Geologic formation in New Mexico

The Atrasado Formation is a geologic formation in New Mexico. Its fossil assemblage dates the formation to the Kasimovian age of the Pennsylvanian. It was formerly known locally as the Wild Cow Formation or the Guadelupe Box Formation.

==Description==
The formation consists primarily of marine limestone with some sandstone and shale. It is exposed in the Sandia Mountains, the Lucero Uplift, the western Jemez Mountains, and in the Manzano Mountains.

The formation has been mapped as the Wild Cow Formation in the Manzano Mountains and as the Guadelupe Box Formation in the Jemez Mountains. However, Spencer G. Lucas and coinvestigators have recommended abandoning the name Wild Cow Formation and using Atrasado Formation throughout the Madera Group. The formation is likely correlative with the Alamitos Formation in the Sangre de Cristo Mountains.

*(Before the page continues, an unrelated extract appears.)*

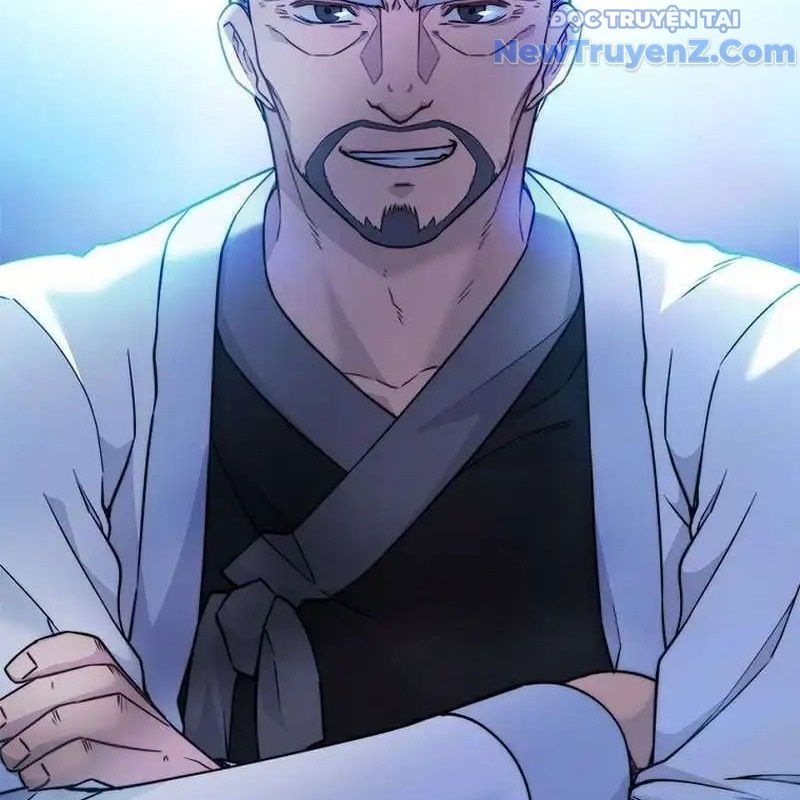 Trở Thành Bạn Thời Thơ Ấu Của Boss Cấp Trung Chap 14 - Next Chap 13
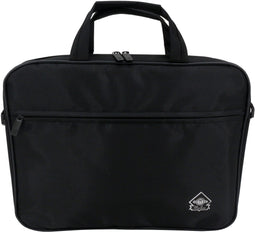 Maillon Technologique Lyon - Laptoptas - Waterbestendig - Zwart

The formation is underlain by the Gray Mesa Formation, with its base defined by a sandstone interval atop an eroded limestone surface of the Gray Mesa Formation. It is further distinguished from the Gray Mesa Formation in having frequent intervals of slope-forming sandstone or shale beds between cliff-forming limestone intervals, whereas the Gray Mesa Formation is mostly massive limestone. The Atrasado Formation is overlain by the Bursum Formation or by the Abo Formation where the Bursum Formation is not present.

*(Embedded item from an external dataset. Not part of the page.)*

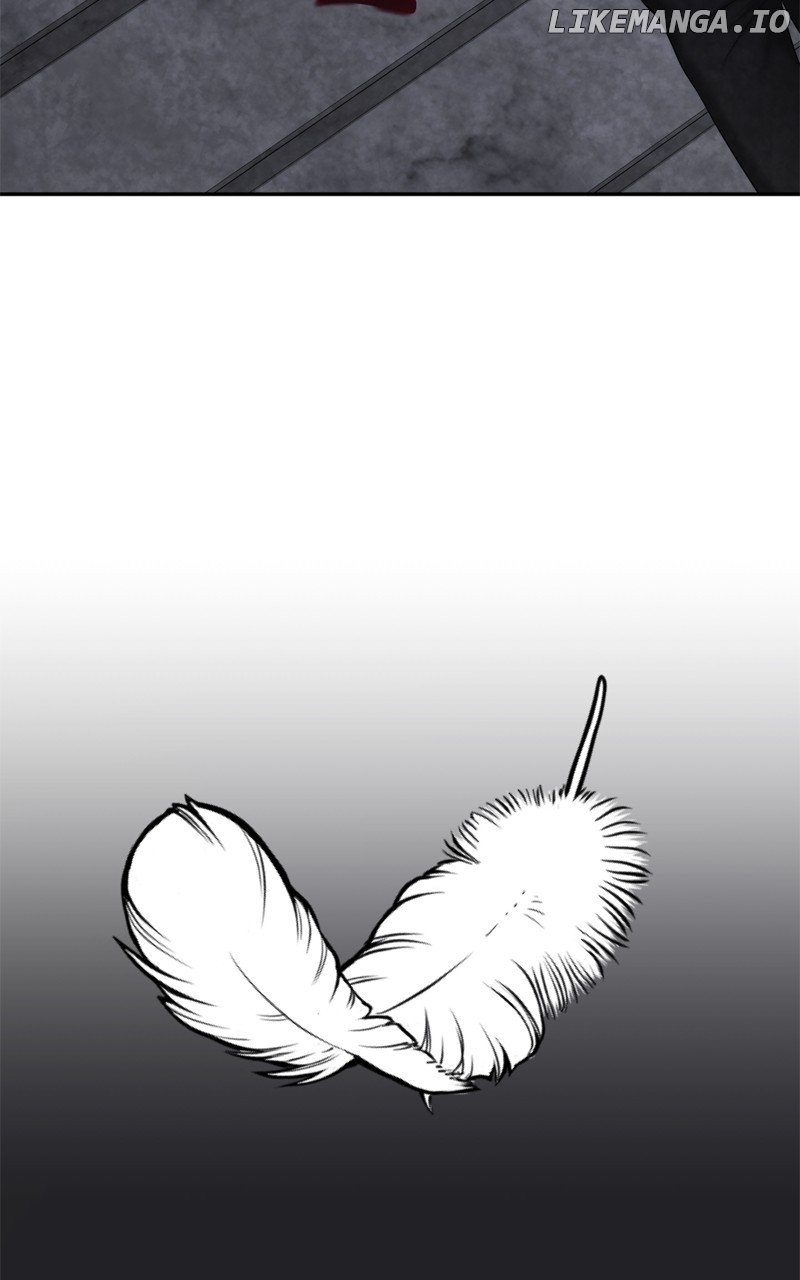 Sisters War Chapter 101 - page 198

The formation is divided into eight members. In ascending stratigraphic order, these are the Bartolo Member, which is 66 meters of slope-forming shale with thin sandstone, limestone and conglomerate beds; the Amado Member, which is 9 meters of bedded, cherty limestone; the Tinajas Member, which is 115 meters of shale with interbedded limestone and sandstone; the Council Spring Member which is 23 meters of mostly algal limestone without chert; the Burrego Member, which is 26 meters of arkosic red beds and limestone; the Story Member, which is 6 meters of limestone; the Del Cuerto Member, which is 16 meters of arkosic red beds and limestone; and the Moya Member, which is 11 meters of bedded limestone and shale.

The lowest few meters of the Bartolo Member is often a distinctive pebbly sandstone, the Coyote Sandstone Bed.

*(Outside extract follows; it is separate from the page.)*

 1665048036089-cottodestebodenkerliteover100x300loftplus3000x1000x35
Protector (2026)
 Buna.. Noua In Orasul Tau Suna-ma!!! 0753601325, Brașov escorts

The formation was laid down during the Ancestral Rocky Mountains orogeny, when most of New Mexico consisted of high islands surrounded by marine basins. The Burrego Member, in particular, contains both marine and continental beds, and the continental beds include paleosols (fossil soils) typical of a monsoon climate. New Mexico was then located at the western end of the Pangean tropical belt. Analysis of the paleosols suggests a carbon dioxide concentration in the atmosphere of around 400 ppm by volume at the time of deposition.

==Fossils==
The exposures near Jemez Springs include some of the richest brachiopod fossil beds in North America. Crinoid stems and bryozoans are also part of the fossil assemblage. The Amado Member is particularly rich in brachiopods in the Manzano Mountains.

The lower part of the Atrasado Formation (Tinajas Member) contains the index fusulinid Eowaeringella indicating the beds were laid down in the lower Missourian Age. These are overlain by beds containing abundant early Triticites.

==History of investigation==
The unit was first described as the Atrasado Member of the Madera Formation by Kelley and Wood in 1946.

The Pennsylvanian stratigraphy of New Mexico has historically been unusually complex and inconsistent, with dozens of names for groups, formations, and members. Barry Kues and Katherine Giles recommended that the name Madera Group be applied to similar exposures of shelf and marginal basin beds of Desmoinean (upper Moscovian) to early Virgilian age found from north-central and central New Mexico south along the west side of the Orogrande Basin as far as the Caballo and Robledo Mountains. Lucas and coinvestigators recommended abandoning the name Wild Cow Formation and using Atrasado Formation throughout the Madera Group.